Semplicemente é previsto qualche punto in più per i progetti provenienti
dai territori collinari, perché le aree di pianura sono già servite
da circa 20.000 km di canali di bonifica, gran parte dei quali con
funzione irrigua di distribuzione primaria e secondaria. Non é neppure
vero che in collina le uniche colture presenti siano quelle boschive e
viticole. Per fortuna in regione i piani colturali aziendali collinari
sono molto più diversificati e ricchi, e ad alto valore aggiunto.

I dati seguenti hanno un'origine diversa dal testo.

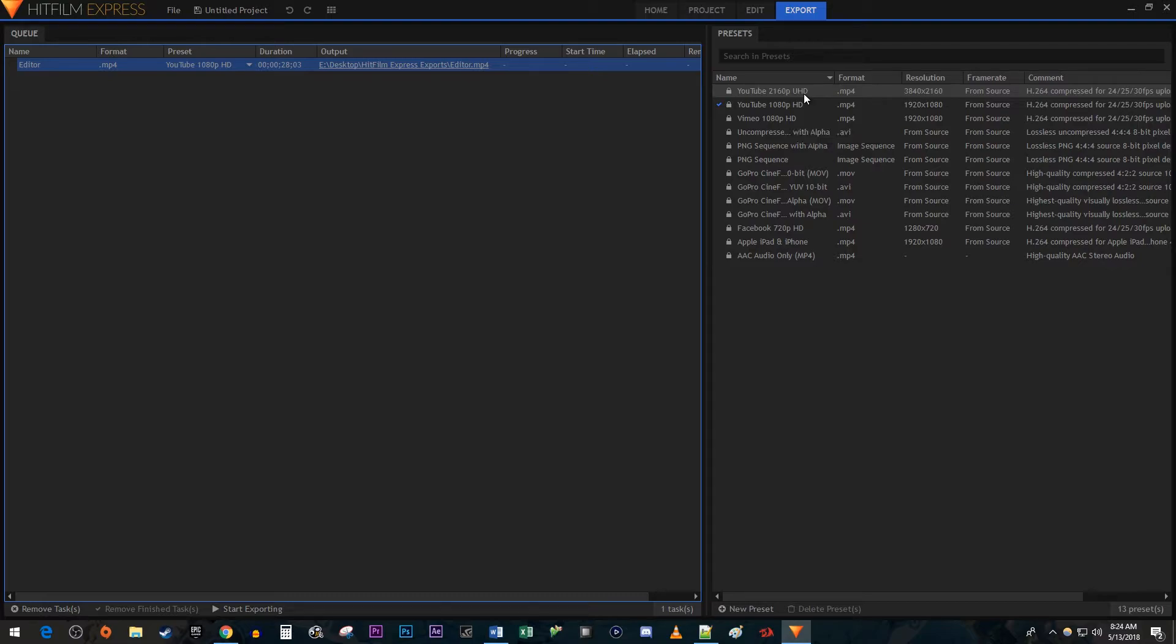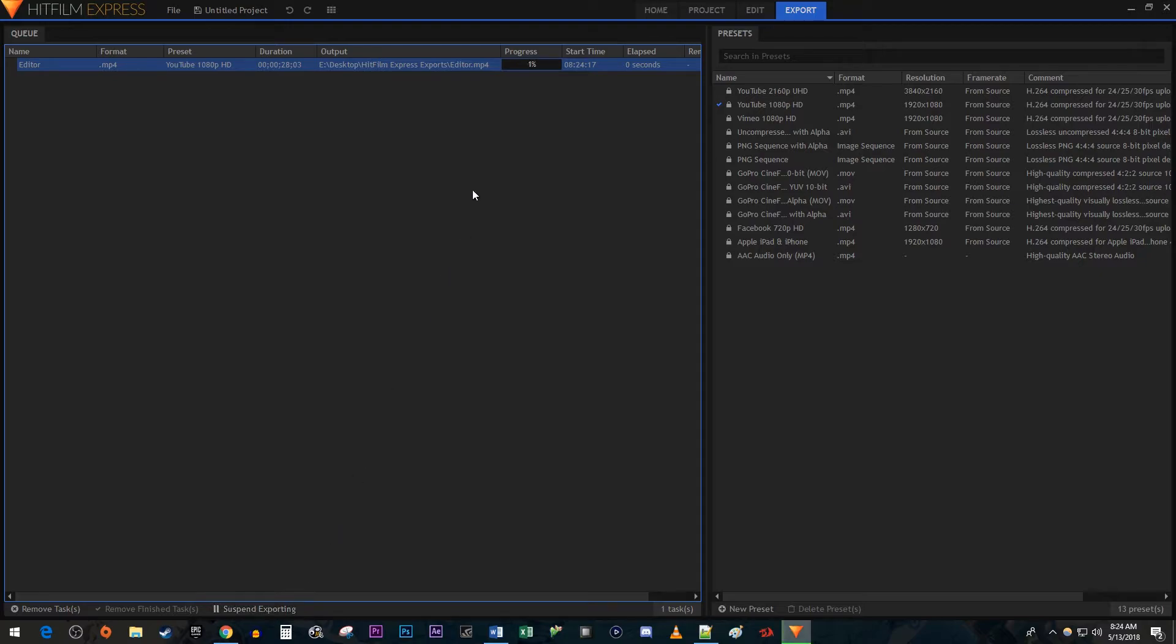Alright, so if you're satisfied with using one of the presets, just click the start exporting button down here to export your video. And now you just wait for it to complete.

Infine, non va dimenticato che l’invaso irriguo in montagna ha anche
funzioni di regolazione degli assetti idrogeologici, nell’interesse
della stessa agricoltura di pianura.” “Quanto al numero minimo delle 20
aziende per singolo progetto di invaso – ribadisce Rabboni – si tratta
di un requisito fissato da Bruxelles. Da ultimo desidero richiamare
l’attenzione di tutti sul fatto che questo é al momento l’unico
provvedimento di una qualche consistenza per invasare acqua ad usi
irrigui. Ed é un provvedimento regionale. Del Piano irriguo nazionale,
sul quale dall’Emilia-Romagna sono stati presentati progetti per oltre
200 milioni di euro, non abbiamo invece più alcuna notizia”.